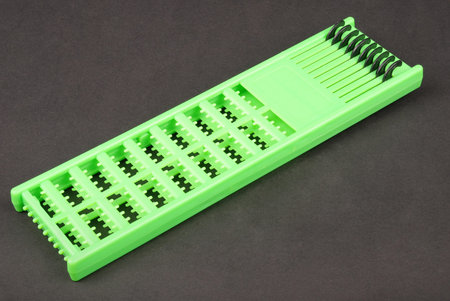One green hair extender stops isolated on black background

• • • • • • •

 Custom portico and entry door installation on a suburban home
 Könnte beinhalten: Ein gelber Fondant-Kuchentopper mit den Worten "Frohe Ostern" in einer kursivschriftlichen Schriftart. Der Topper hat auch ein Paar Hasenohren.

• • • • • • •

__PROBLEM DETAILS__: Start with the line above that contains "Custom portico and" and end with the line that contains "Könnte beinhalten: Ein". Write out those lines exactly, and only those.

__EXERCISE RESPONSE__:
 Custom portico and entry door installation on a suburban home
 Könnte beinhalten: Ein gelber Fondant-Kuchentopper mit den Worten "Frohe Ostern" in einer kursivschriftlichen Schriftart. Der Topper hat auch ein Paar Hasenohren.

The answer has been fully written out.